Beberapa hal yang membuat saya mudah tersulut akan perilaku Hakim. Kebiasaan mendengarkan sesuatu dengan suara keras (di mana batas ambang kerasnya beda dengan saya). Salah satunya saat ia melihat youtube. Di lain waktu berhubungan dengan uang. Hakim pelupa. Uang saku seringkali hilang/ terjatuh begitu saja.
Bila berhubungan dengan teman, Hakim sangat loyal. Teman meminta, jawaban selalu yes. Apa pun seakan diberikan. Termasuk makanan/ jajan ataukah barang. Yang membuat saya tertohok itu ketika ia memberikan apa yang dimiliki tanpa menyisakan untuk dirinya sendiri.
Kebiasaannya dalam meletakkan barang sembarangan hingga menyimpan sampah juga menjadi pemantik setiap hari untuk selalu meninggikan ucapan.
Bagaimana perasaan Hakim dan kondisnya? Ia akan selalu bilang kalau ibu ini pemarah. Apa yang dilakukannya selalu salah. Saran dan semua yang saya katakan seakan menjadi gangguan untuknya.
“Kan saya berbagi dengan teman, Buk. Kenapa ibu marah?”
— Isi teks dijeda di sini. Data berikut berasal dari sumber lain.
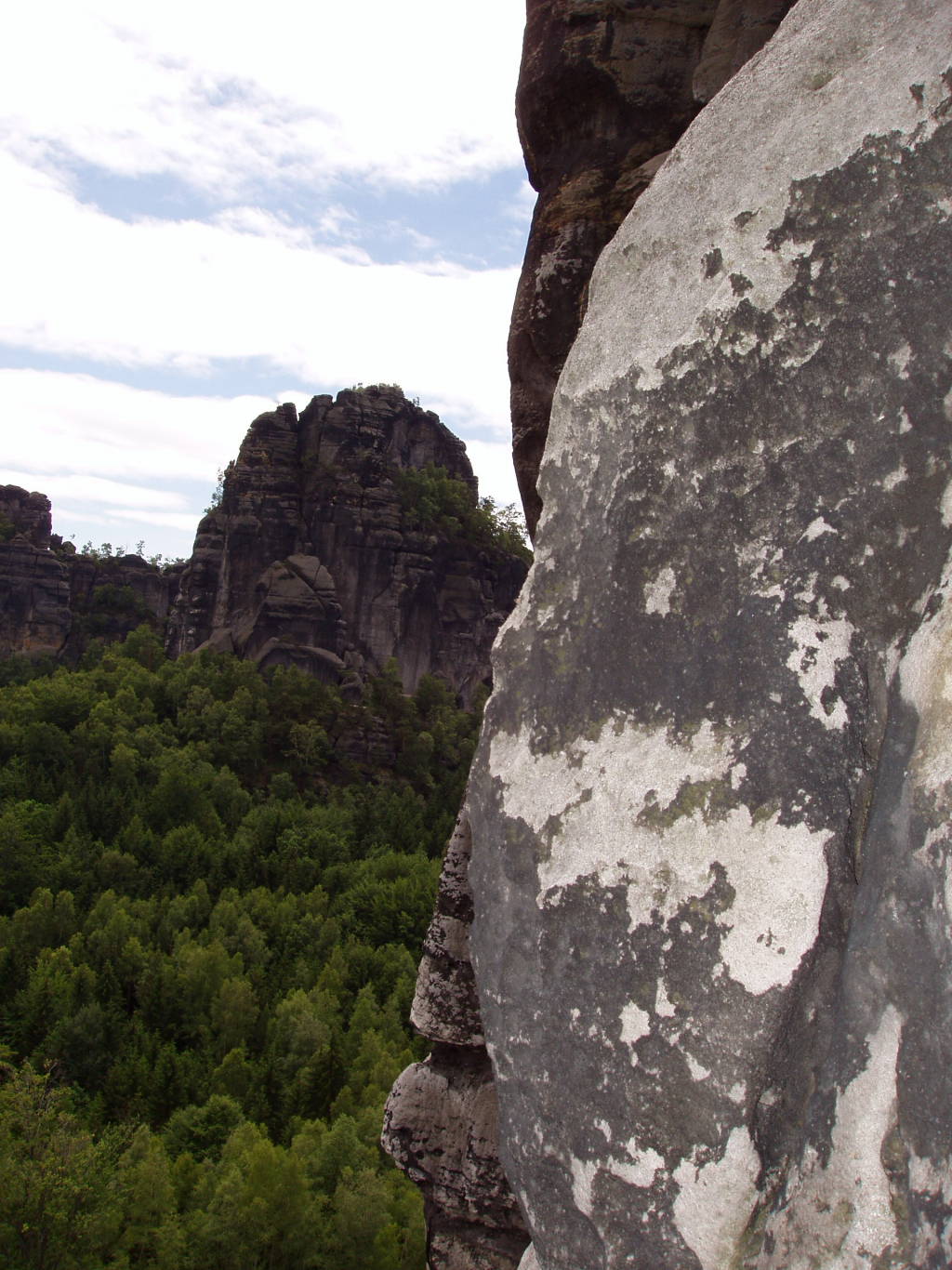 Falkenstein, Schusterweg, výhled z 2. štandu na Schrammsteine.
“Saya lupa meletakkan uangnya, kan bisa minta lagi ke ibu atau bapak lagi.”
“Tempat sampahnya jauh.” (Padahal hanya tinggal berdiri dari tempat duduk dan melangkah 3 jangkah. Pun sama untuk piring/ gelas kotor.)
“Ini itu tidak keras, aku sudah mengecilkan suaranya.” (Padahal kalau dari luar/ rumah tetangga suara itu terdengar jelas.)
“Hakim mau makan mie setiap hari.” Ia menjadi pemuja indomie, keinginannya makan indomie setiap hari, tanpa jeda.
Bila diingatkan/ dimintai tolong, respons Hakim “Kenapa Hakim selalu disuruh?”
“Adek terus yang disayang, hakim selalu dimarahi.”
Dan masih banyak lagi interaksi kami yang membuat amarah tersulut. Semoga minggu depan menjadi lebih baik.